Consider a slightly modified version of the script I had made in
Section III of my original nse-lua post:

<file = "cotest.nse">

author = "patrick"
description = "coroutine test!"
categories = {"default"}

require "shortport"

portrule = shortport.port_or_service(22, "ssh")

function a (host, port)
 local try = nmap.new_try();
 local socket = nmap.new_socket();
 try(socket:connect(host.ip, port.number));
 return "connected!";
end

function action (host, port)
 local co = coroutine.create(a);
 print(coroutine.resume(co, host, port));
 print(coroutine.resume(co, false, "some random error"));
 return "done";
end
</file>

Notice that the action function resumes the script twice. We would
result (in the current implementation) with this output:

batrick@batbytes:~/nmap/svn/nmap$ ./nmap --script cotest localhost

Starting Nmap 4.85BETA9 ( http://nmap.org ) at 2009-06-03 05:31 MDT
true
false   some random error
Interesting ports on localhost (127.0.0.1):
Not shown: 998 closed ports
PORT   STATE SERVICE
22/tcp open  ssh
|_ cotest: done
80/tcp open  http

Nmap done: 1 IP address (1 host up) scanned in 0.08 seconds

As I noted in my original post about this, the problem is very subtle.
Note that a C function, such as nsock:connect() yields AND returns:

  return lua_yield(L, 0);

What does this mean to us? (Please be familiar with the coroutine
resume and yield functions in the Lua manual). Well, the function will
yield its results which are retrieved by the coroutine which initiated
the resume (usually, NSE). Note that in this case, we yield 0 values.
The base thread, in the action function, thus prints simply "true"
(coroutine.resume first return value is the status).

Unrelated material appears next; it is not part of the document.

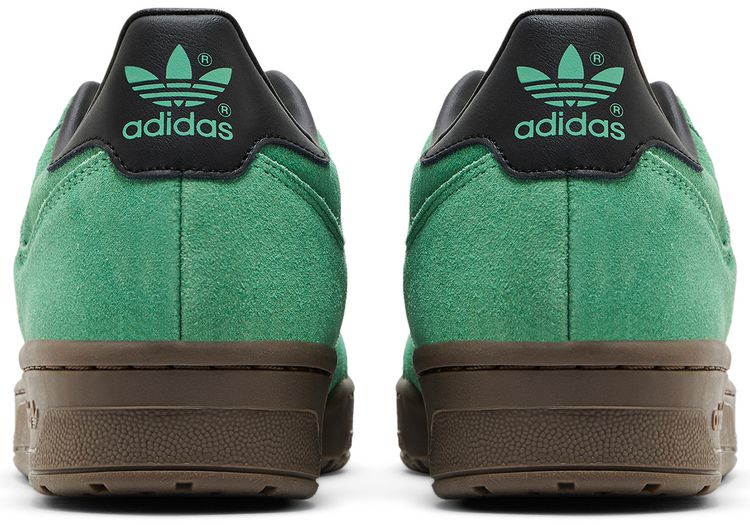Adidas Rivalry 86 Low Preloved Green Gum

Normally, NSE will resume the thread with the return values of
nsock:connect(); resuming the thread causes the values passed to
resume _to be the return values of nsock:connect()_. However, the
script resumes the child coroutine itself. You'll notice that the
script passes two values to the child coroutine, nil and "some random
error". This means that these two values will be the return values for
nsock:connect() in function 'a'. This will cause the try function to
raise an error; the nil return from nsock:connect will be interpreted
as an error. "some random error", shall be the error message. Thus you
see "false some random error" as the printed return values from
coroutine.resume.


So I hope I've illustrated the problem. We have a two (AFAICT) options
to consider:

o NSE adds any coroutines that it yields to the waiting queue and
shall run them later. We can return some special value indicating to
the script that NSE has yielded its worker coroutine.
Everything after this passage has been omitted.